==== Records

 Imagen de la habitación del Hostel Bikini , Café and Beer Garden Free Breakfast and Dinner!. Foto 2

========
==== Records

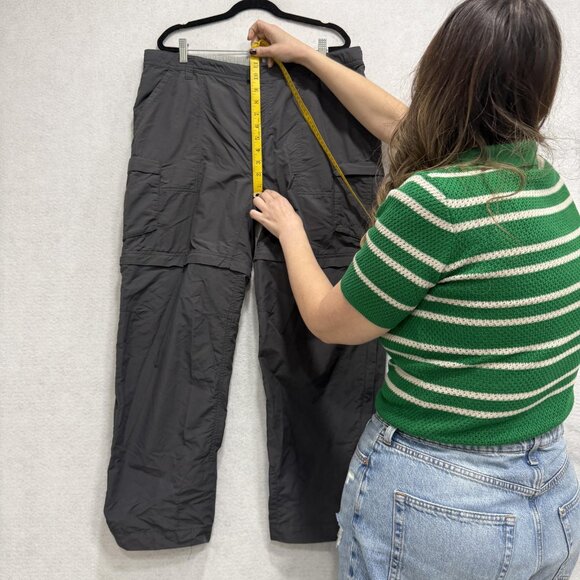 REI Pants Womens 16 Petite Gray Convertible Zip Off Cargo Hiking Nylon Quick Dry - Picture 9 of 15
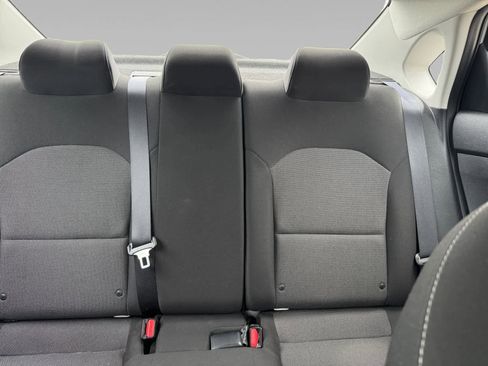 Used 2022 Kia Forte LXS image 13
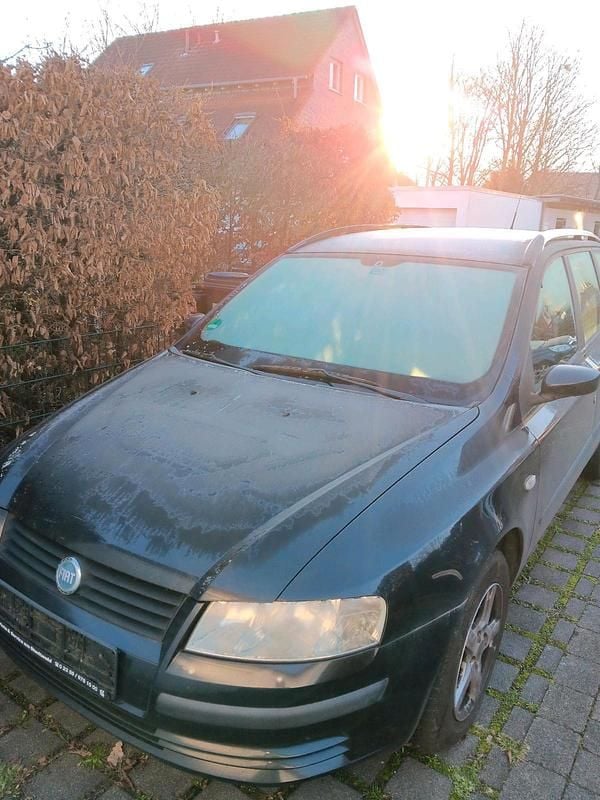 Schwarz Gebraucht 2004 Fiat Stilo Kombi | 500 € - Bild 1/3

========

Task requirements: Without the pictures, give again exactly the lines above starting at the line containing "Used 2022 Kia Forte LXS image 13" and ending at the line containing "Schwarz Gebraucht 2004".

Exercise answer:
 Used 2022 Kia Forte LXS image 13
 Schwarz Gebraucht 2004 Fiat Stilo Kombi | 500 € - Bild 1/3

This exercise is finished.